Locke'a göre doğa durumundaki bu özgürlük, “başıboşluk” anlamına gelmez. Özgürlüğün sınırı doğal yasayla belirlenir: “Her insanın kendi kişiliğini ve mallarını kullanmada denetlenemez bir özgürlüğü olmasına karşın”, bu kullanımı engellemeyen herhangi bir kişiye zarar verme özgürlüğü yoktur.
Locke'a göre geniş ve dar anlamıyla mülkiyet ne anlama gelmektedir?
Locke’a göre biri geniş diğeri dar olan iki anlama sahiptir. Geniş anlamıyla mülkiyet, yaşamı, özgürlükleri ve malları ifade etmektedir. Dar anlamıyla mülkiyet ise sadece malları kapsamaktadır.
John Locke'a göre çoğunluk ilkesi ne anlama gelmektedir?
Çoğunluk İlkesi: Bir toplumda, bir toplulukta ya da bir mecliste çoğunluğun kararının geçerli olarak kabul edilmesidir. Locke’un deyişiyle “bir topluma katılmakla, çoğunluğa karar verme ve uygulama hakkını tanımak aynı şeydir.”
Güçler ayrımı kuramı kim tarafından ortaya atılmıştır ve anlama gelmektedir?
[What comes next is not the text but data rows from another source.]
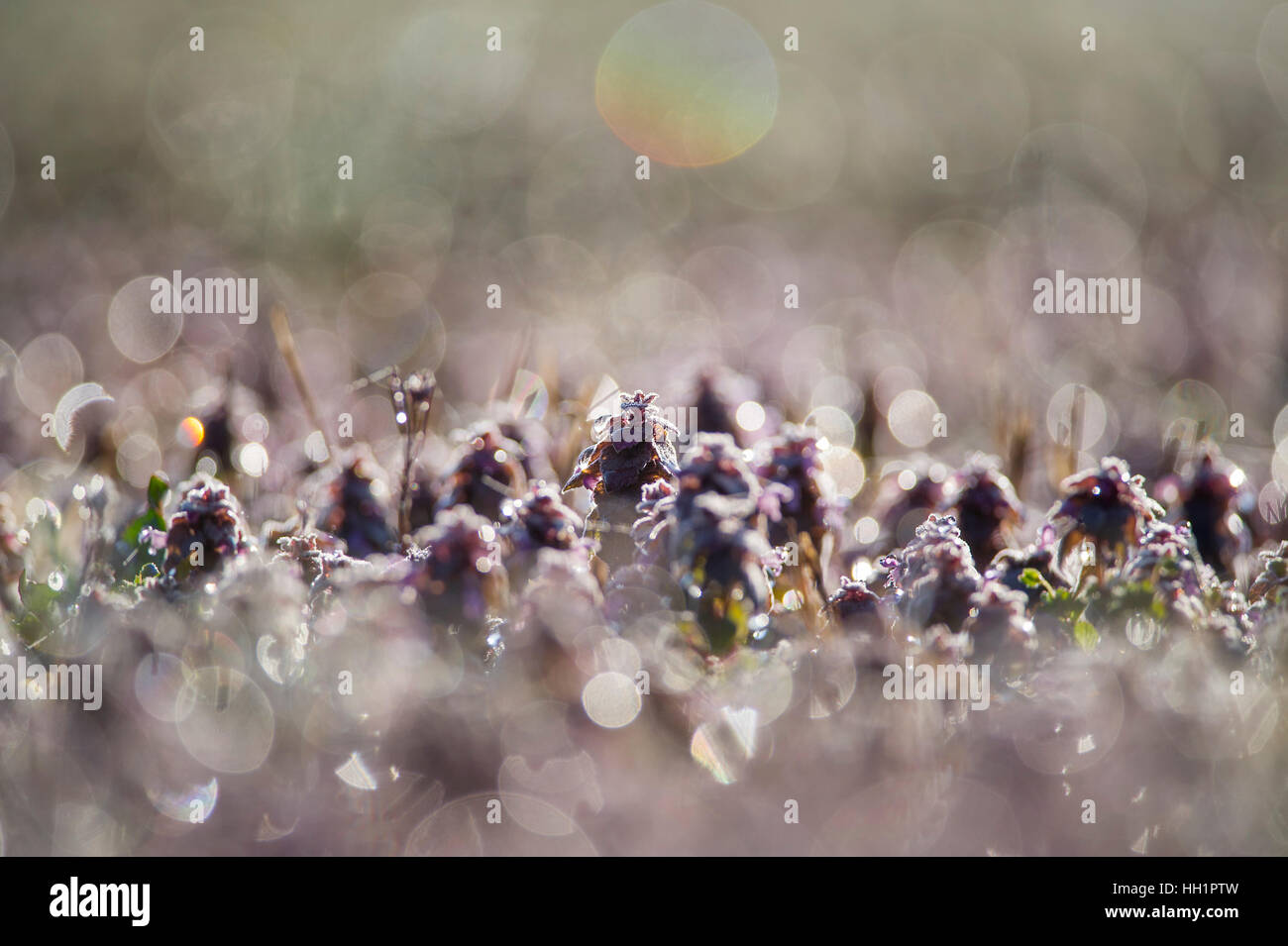 A small field of dew covered purple flowers is back-lit by the morning sun. Stock Photo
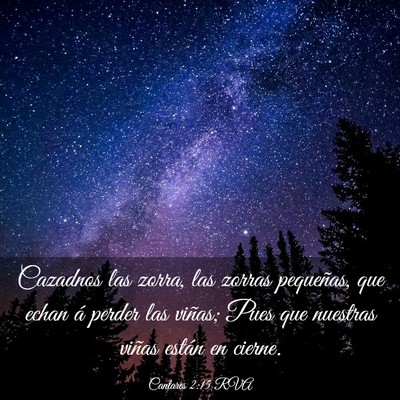 Picture 03 - Cantares 2:15 RVA - Cazadnos las zorra, las zorras pequeñas, que - Bible Verse Picture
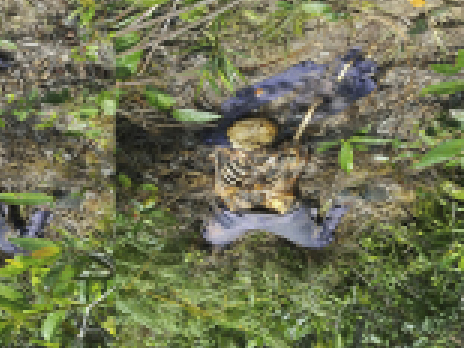 Corpo em adiantado estado de decomposi��o � encontrado na regi�o de Itapainua.
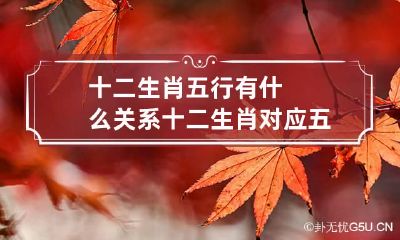 十二生肖五行有什么关系 十二生肖对应五行十二生肖五行对照表
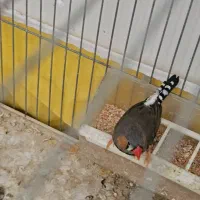 مرغ عشق و فنج و سهره|پرنده|شیراز, بریجستون|دیوار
Güçler Ayrımı Kuramı'nın Montesquieu tarafından ortaya konduğu kabul edilir ve başta XVIII. yüzyıldaki Amerikan ve Fransız anayasaları olmak üzere tüm demokratik anayasalarda şu ya da bu şekilde yer bulur. Bu kuramın klasik biçimine göre yasama, yürütme ve yargı güçleri farklı kişilerden oluşan farklı organların ellerine bırakılmış ve aralarında bir denge-fren sistemi kurulmuştur.